Dan Richards interviewed Ferguson on May 25 in Boston at the CFA Institute Annual Conference. Below is part one of a two-part series, in which Ferguson discusses the current troubles and future outlook of Europe. Part two will appear next week.

A video of this interview appears here

I want to talk about your outlook for the Eurozone in light of recent turbulence.  Clearly there is some real tension between northern and southern Europe.  What do you see happening in the period ahead in terms of the Eurozone as an entity?

You are asking the right person this question, because 10 years ago Larry Kotlikoff and I wrote a piece for the magazine Foreign Affairs called The Degeneration of EMU, in which we said that if you create a single currency without any fiscal coordination mechanism – in other words if you have monetary union, but no federal fiscal system – it will fall apart. 

We said that would happen in about 10 years. 

Right on cue the Eurozone has fallen apart for just the reasons that we envisioned: a huge divergence in fiscal balance has essentially destroyed what was called “the stability and growth pact,” which was supposed to regulate how much governments could borrow.

Everyone’s deficit is wildly over the 3% of GDP threshold.  In the case of the Greeks, they are over it by more than 10 percentage points of GDP. 

So that didn't work.  The question is now what? 

Europe has a very difficult choice.  Choice one is to go the next step and have a federal fiscal system like the United States has.  That means that there can be transfers through regular taxation and expenditure between rich flourishing states and the poor backward states.

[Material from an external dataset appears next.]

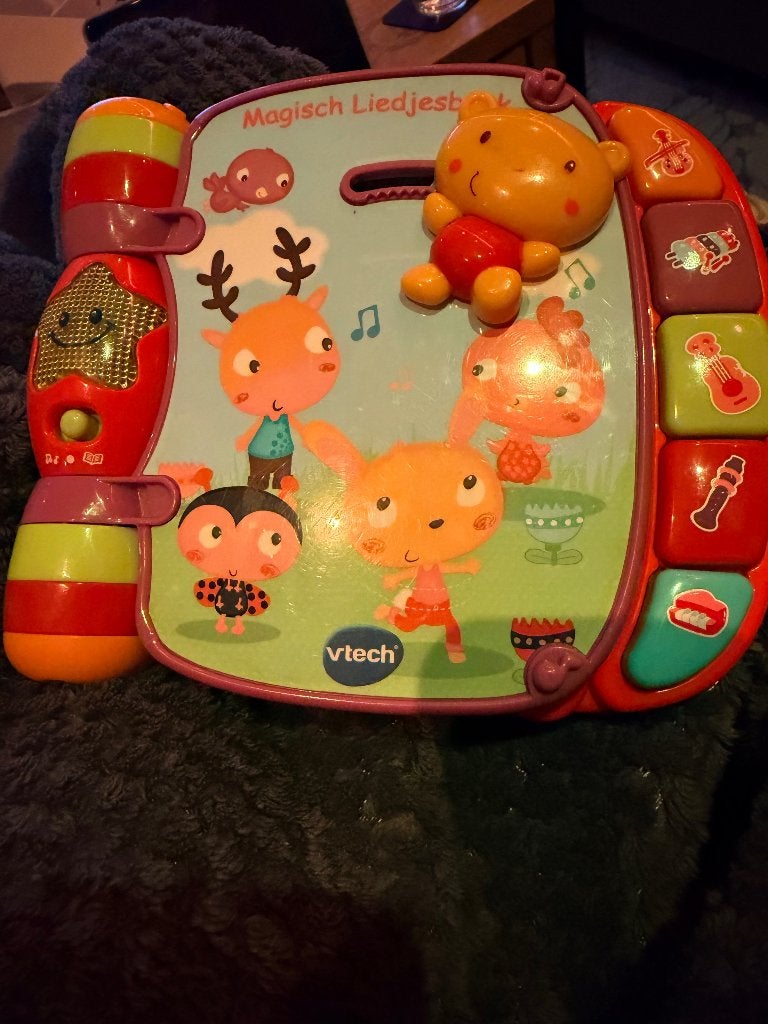 VTech Magisch Liedjesboek - Werkt perfect!, Ophalen of Verzenden, Gebruikt, 6 maanden tot 2 jaar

That would entail giving up more control.  Right now members of the Eurozone have already given up control over their currency.  So what you are suggesting is you now have to give up control over the other great lever, which is spending and taxation.

Exactly, and this is the more important of these two things – sovereignty is more than anything else about taxation and expenditure. 

Decisions about taxation and expenditure have been firmly in the grip of national parliaments and executives throughout the postwar period. 

Anybody who knows any history knows that when you give that up, and you create some central authority that has the final say on taxation, then that central authority will grow.  That has been the case in every federal system ever created.

So the likelihood that Europeans and particularly Germans will vote in a massive new treaty that creates a United States of Europe is a 0% probability.  It's not going to happen.

So the question then is whether the status quo is sustainable – where you have a monetary union, but not fiscal union, and those kinds of pressures that we've seen in Southern Europe?

It's sustainable, but only under certain very important conditions. 

Many people talk in a rather alarmist way about countries leaving the euro.  Some people say Greece should leave and other people say that the Germans will leave. 

This is probably wrong, because the costs of exit are prohibitively high, and it was designed to be that way.

If Greece were to leave, they could restore and then devalue the drachma, and that would be business as usual for Greece.  It's the way Greece has been run for many, many years.

The problem is that would destroy a very important sector of the Greek economy, including their banks, which would have a huge mismatch between their assets suddenly being in drachmas and their liabilities being considerably more in euros. 

There is no real incentive for a weak country to exit.  It would get killed by the financial markets the moment that it stepped out into the market with its old currency and its old credit rating.